Add the buckwheat groats and return to a boil while stirring. Cover and cook over low heat until groats are tender, stirring occasionally, about 15 minutes. Allow to cool.
Meanwhile, peel onions and potatoes. Finely chop onions and cut the potatoes into 1/2-inch cubes.
Heat the oil in a pot. Sauté onions and potatoes briefly, then add the remaining vegetable stock and bring to a boil. Cover and cook over medium heat until potatoes are tender, about 20 minutes.
Meanwhile, separate 1 egg (save the yolk for another purpose). Combine egg white and remaining whole egg in a tall vessel and beat until creamy and with an electric mixer.

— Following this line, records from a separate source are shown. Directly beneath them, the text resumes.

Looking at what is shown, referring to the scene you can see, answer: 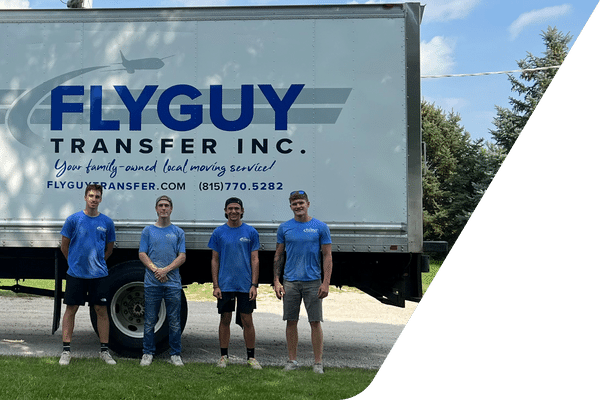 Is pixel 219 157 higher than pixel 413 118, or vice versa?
pixel 413 118

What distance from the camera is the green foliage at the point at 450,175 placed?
24.6m

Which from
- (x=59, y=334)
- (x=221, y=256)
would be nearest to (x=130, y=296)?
(x=221, y=256)

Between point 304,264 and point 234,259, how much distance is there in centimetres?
76

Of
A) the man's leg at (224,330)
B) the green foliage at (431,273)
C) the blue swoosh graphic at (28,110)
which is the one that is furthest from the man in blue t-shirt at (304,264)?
the green foliage at (431,273)

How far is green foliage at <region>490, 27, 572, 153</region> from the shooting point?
77.4 ft

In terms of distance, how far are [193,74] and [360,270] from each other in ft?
10.0

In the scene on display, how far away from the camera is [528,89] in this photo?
24.1 metres

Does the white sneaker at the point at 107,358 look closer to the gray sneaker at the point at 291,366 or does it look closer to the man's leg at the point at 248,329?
the man's leg at the point at 248,329

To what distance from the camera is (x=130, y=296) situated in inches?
236

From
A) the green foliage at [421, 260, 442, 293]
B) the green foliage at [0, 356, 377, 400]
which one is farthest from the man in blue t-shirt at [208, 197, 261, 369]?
the green foliage at [421, 260, 442, 293]

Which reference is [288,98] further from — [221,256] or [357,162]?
[221,256]

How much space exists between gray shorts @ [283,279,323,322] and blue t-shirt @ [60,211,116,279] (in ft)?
6.65

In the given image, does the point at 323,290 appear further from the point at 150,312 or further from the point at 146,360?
the point at 146,360

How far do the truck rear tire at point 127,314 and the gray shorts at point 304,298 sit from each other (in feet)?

Fold the egg mixture into the cooled buckwheat groats and season with salt and ground coriander.
Bring a wide pot of water to a boil and add salt. Form the groats into 12 dumplings with moistened hands.
Drop the dumplings into the boiling water and let simmer over low heat until they float to the surface, about 8 minutes.
Meanwhile, rinse wild garlic, spin dry and cut into strips. Reserve about 1 tablespoon for garnish and add the rest to the potato-onion mixture along with the cream and bring to a boil.
Puree potato mixture until smooth and creamy with an immersion blender. Squeeze out lemon juice. Season the puree with salt and 1-2 teaspoons lemon juice.
Remove the dumplings with a slotted spoon and drain well. Garnish with the reserved wild garlic strips. Serve dumplings with the puree.